企業は多額のお金を取られることが最も嫌なことなのです。大衆闘争で解雇を白紙撤回させれば勝利ですが、お金は取れません、これでは企業は喜ぶでしょう。
職場では企業の専制支配下にありますが、法律的には対等の関係にあるので、一人であっても証拠をそろえれば勝利できるのです。
裁判闘争を合法主義と批判する人たちは、単なる野次馬であり、それは批判のための批判なのです。世間には裁判闘争ですら闘えず泣き寝入りする人が多いのですから、裁判や審判を闘う労働者は誇りを持っていいのです。
左翼面した野次馬が、自分たちは何も闘えないのに「体制内運動」とか「合法闘争」と批判していますが、それは無知から来る批判に過ぎません。
労働者が違法解雇と闘うには、法律に基づいて証拠を準備しなければなりません。会社側は解雇を正当化するため手を変え、言葉を換えて勝つための証拠をそろえてきます。これを崩すことが裁判闘争であり、そのために証人や陳述書をそろえなければなりません。

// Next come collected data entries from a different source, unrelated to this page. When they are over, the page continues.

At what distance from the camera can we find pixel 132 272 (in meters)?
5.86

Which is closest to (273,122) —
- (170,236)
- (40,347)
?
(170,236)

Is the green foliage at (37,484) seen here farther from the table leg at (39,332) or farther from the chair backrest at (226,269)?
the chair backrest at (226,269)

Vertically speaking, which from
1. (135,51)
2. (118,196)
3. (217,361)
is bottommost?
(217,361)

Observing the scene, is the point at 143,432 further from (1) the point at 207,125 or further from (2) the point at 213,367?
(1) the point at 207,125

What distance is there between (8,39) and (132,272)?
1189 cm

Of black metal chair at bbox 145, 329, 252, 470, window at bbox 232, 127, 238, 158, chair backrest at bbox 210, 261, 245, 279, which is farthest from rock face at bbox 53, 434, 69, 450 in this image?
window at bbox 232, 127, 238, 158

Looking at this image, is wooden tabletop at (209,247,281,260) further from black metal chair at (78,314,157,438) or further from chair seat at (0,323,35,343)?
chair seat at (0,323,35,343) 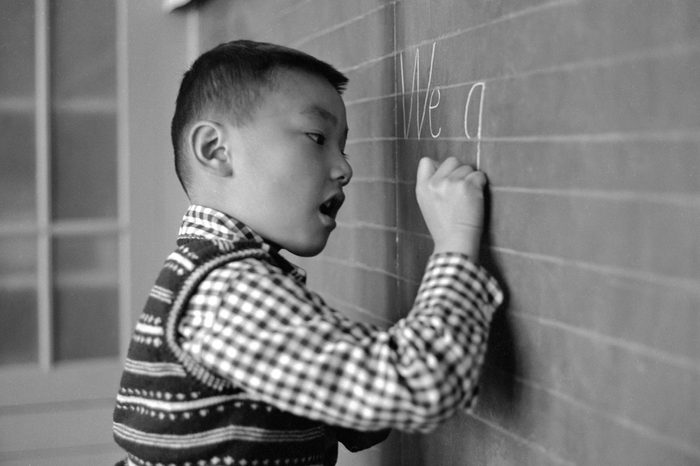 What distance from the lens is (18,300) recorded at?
2482 mm

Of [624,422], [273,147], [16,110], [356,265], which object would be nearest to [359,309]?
[356,265]

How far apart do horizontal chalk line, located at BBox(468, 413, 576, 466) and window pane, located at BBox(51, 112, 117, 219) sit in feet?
5.69

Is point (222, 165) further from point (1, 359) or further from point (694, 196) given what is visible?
point (1, 359)

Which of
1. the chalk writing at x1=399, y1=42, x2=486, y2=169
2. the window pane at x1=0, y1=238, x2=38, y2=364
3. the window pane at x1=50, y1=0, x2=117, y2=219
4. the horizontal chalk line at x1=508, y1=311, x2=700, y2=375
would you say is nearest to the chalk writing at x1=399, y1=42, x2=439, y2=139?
the chalk writing at x1=399, y1=42, x2=486, y2=169

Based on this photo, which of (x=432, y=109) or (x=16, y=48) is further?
(x=16, y=48)

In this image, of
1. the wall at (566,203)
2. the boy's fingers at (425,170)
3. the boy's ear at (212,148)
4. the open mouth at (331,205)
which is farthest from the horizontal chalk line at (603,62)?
the boy's ear at (212,148)

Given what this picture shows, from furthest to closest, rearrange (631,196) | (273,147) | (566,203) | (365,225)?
1. (365,225)
2. (273,147)
3. (566,203)
4. (631,196)

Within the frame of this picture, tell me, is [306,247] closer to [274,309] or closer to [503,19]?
[274,309]

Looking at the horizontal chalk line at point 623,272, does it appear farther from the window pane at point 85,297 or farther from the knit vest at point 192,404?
the window pane at point 85,297

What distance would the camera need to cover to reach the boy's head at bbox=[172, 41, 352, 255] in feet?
3.67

つまり労働者の闘いには組合ぐるみの闘いも有れば個人の雇用を守る闘いもあるのです。労働運動には個々の特殊性や段階性があり、したがって多様な創意工夫した闘い方があって当然なのです。
それゆえに自分たちの「革命的闘い」が唯一正しく、その他の闘いは「体制内闘争」で有り、ダメだという主張は「左翼小児病」と言うしかなく、これでは他の多様な闘いの勝利から学ぶことができなくなるのです。
まとめると、労働運動には多様な創意工夫した闘い方があり、そのどれを選ぶかは、企業が最も嫌がる戦術を採用するのがいいということです。